Tuesday, May 15, 2007

Adaptation in Pakistan

Daily Times (Pakistan): …Farming practices in agriculturally dominated countries like Pakistan have to be adapted to cope with the ongoing climatic change. While the Indo-Gangetic Plain is currently classified as a highly productive, irrigated agricultural area, climate models show that by 2050 as much as half of the region may be reclassified to a heat-stressed area with a much shorter growing season. Moreover, the UN Environmental Programme warns of an impending ‘Asian haze’ due to increasing pollution that could cause a drastic reduction in rainfall — by between 20 per cent and 40 per cent — particularly in the crucial agricultural regions of north-India and Pakistan.

Water scarcity is already a big problem in our part of the world. Pakistan is itself water stressed and any reduction in rainfall levels would be acutely felt, particularly in our rain-fed agricultural producing areas…

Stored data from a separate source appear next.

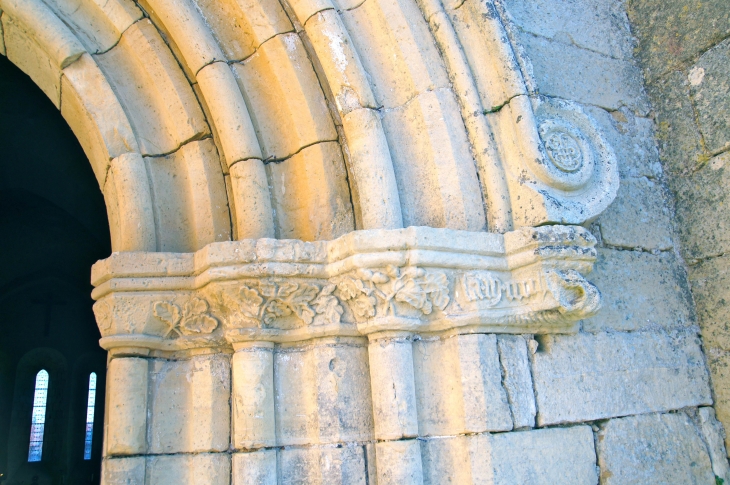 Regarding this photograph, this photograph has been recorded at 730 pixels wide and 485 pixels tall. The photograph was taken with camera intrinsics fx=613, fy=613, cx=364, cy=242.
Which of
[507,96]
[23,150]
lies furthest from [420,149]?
[23,150]

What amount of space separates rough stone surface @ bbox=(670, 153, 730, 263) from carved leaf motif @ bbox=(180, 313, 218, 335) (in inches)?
85.9

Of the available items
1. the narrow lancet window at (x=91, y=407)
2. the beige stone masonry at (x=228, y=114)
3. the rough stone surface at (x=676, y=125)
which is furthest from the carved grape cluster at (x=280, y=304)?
the narrow lancet window at (x=91, y=407)

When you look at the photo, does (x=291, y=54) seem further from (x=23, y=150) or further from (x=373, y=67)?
(x=23, y=150)

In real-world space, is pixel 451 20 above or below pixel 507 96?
above

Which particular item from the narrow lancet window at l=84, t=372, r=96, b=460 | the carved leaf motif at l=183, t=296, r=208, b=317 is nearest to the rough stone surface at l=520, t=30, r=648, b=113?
the carved leaf motif at l=183, t=296, r=208, b=317

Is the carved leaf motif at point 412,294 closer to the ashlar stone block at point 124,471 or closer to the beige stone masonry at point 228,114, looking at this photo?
the beige stone masonry at point 228,114

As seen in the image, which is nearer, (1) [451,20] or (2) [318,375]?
(2) [318,375]

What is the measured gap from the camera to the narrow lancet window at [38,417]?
22.2 ft

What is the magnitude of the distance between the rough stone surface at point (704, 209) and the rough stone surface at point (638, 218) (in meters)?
0.07

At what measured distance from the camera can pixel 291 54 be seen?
2.51 m

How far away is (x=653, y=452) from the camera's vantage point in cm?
242

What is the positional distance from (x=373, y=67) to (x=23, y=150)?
2794 mm

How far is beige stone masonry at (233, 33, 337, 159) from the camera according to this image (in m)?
2.48

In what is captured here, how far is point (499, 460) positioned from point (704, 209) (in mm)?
1623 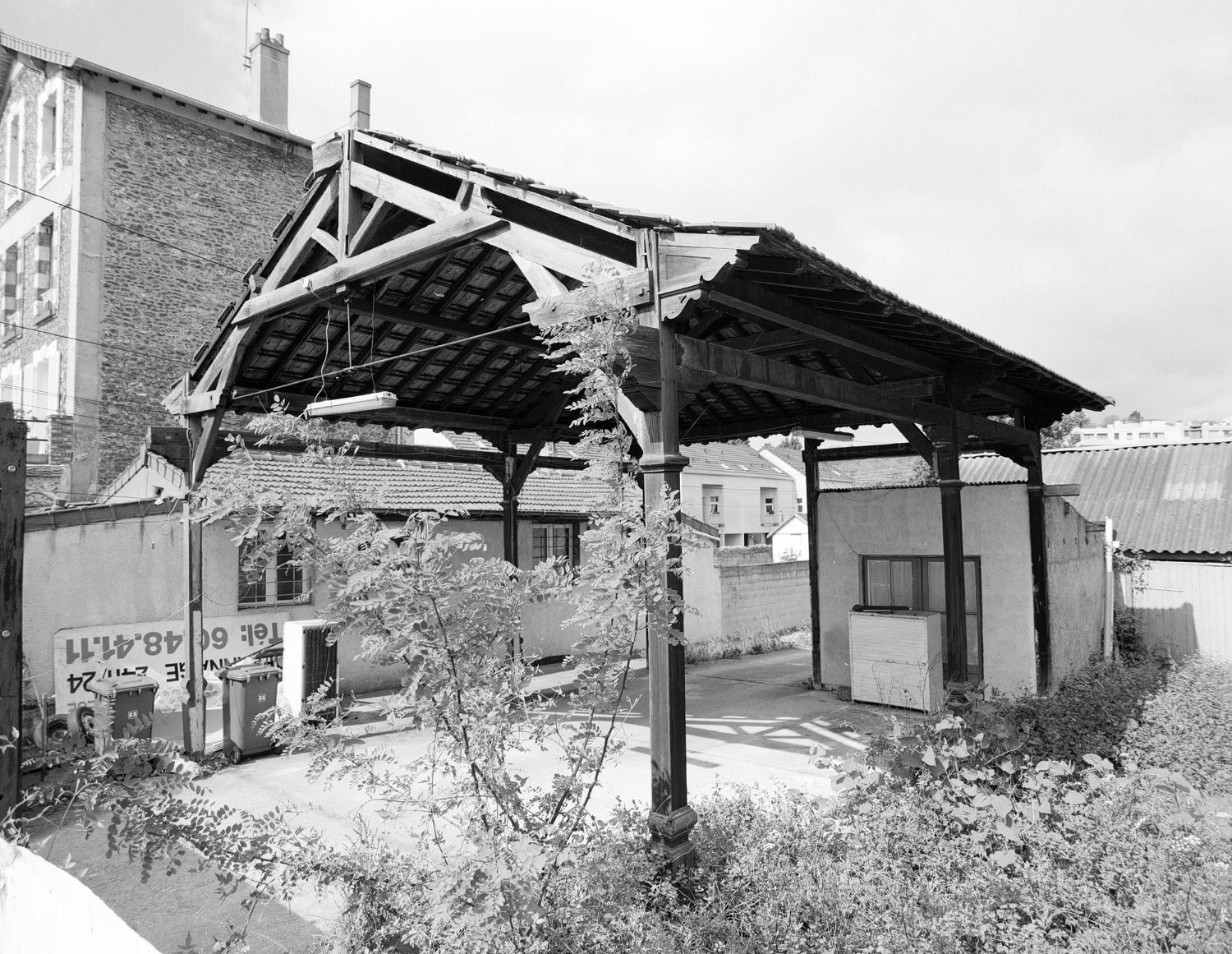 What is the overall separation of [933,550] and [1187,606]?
19.3ft

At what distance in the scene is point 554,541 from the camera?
14930mm

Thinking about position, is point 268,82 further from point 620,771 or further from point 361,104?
point 620,771

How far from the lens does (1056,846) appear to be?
4180 millimetres

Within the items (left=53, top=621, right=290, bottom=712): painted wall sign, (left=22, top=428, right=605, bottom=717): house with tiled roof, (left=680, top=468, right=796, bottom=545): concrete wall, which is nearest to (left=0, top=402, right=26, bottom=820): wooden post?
(left=22, top=428, right=605, bottom=717): house with tiled roof

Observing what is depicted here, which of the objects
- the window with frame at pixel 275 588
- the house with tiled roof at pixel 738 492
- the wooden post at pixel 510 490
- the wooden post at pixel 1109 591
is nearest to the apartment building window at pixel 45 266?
the window with frame at pixel 275 588

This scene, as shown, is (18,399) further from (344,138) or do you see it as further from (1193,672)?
(1193,672)

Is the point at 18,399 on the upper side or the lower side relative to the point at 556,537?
upper

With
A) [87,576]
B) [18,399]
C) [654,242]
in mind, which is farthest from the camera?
[18,399]

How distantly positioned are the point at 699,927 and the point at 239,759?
5862 mm

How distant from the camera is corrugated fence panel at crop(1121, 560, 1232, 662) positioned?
12.2 meters

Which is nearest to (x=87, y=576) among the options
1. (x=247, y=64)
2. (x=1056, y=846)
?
(x=1056, y=846)

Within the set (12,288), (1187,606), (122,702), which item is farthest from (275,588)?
(1187,606)

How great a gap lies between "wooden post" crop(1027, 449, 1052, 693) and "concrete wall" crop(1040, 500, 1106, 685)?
28 centimetres

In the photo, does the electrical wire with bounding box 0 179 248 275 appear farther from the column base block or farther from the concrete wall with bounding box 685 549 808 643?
the column base block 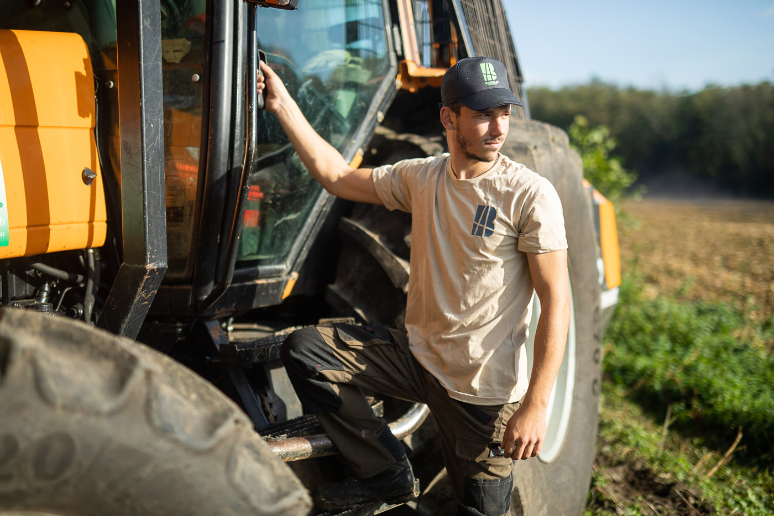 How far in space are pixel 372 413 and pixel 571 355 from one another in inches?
45.4

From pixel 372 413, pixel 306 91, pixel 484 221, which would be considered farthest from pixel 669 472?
pixel 306 91

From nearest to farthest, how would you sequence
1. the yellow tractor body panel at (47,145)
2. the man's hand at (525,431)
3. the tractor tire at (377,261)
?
the yellow tractor body panel at (47,145), the man's hand at (525,431), the tractor tire at (377,261)

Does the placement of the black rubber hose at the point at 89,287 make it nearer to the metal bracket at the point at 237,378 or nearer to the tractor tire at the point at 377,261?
the metal bracket at the point at 237,378

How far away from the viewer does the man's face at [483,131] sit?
1673 mm

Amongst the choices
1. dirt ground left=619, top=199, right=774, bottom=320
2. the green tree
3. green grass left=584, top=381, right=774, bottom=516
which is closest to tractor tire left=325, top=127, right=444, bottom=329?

Cultivation of trees together with crops could significantly cope with several of the adverse consequences of climate change. The World Agro-forestry Centre has shown how planting trees between crops and in the boundaries around crops helps prevent soil erosion, restore soil fertility, and provide shade for other crops. Trees and shrubs are seen to even sequester more carbon than other crops. Countries like Pakistan should seriously consider such options. If recently introduced mechanisms like joint forest management committees are used to encourage this practice, the alarmingly low forest cover in the country could be improved.

…countries most vulnerable to future climate changes are presently overwhelmed by very immediate development concerns like abject poverty, or a severe lack of health facilities. It is understandable that people in developing countries seem less concerned to place a priority on problems projected to occur decades down the road. Nonetheless, at least planners in these countries must realise that climate variability is already a major problem impeding progress in the agriculture sector, particularly in the marginal rain-fed regions where a majority of the rural poor reside. So, developing resilience to climate changes will only help counter existing difficulties confronting poor farmers in countries like our own.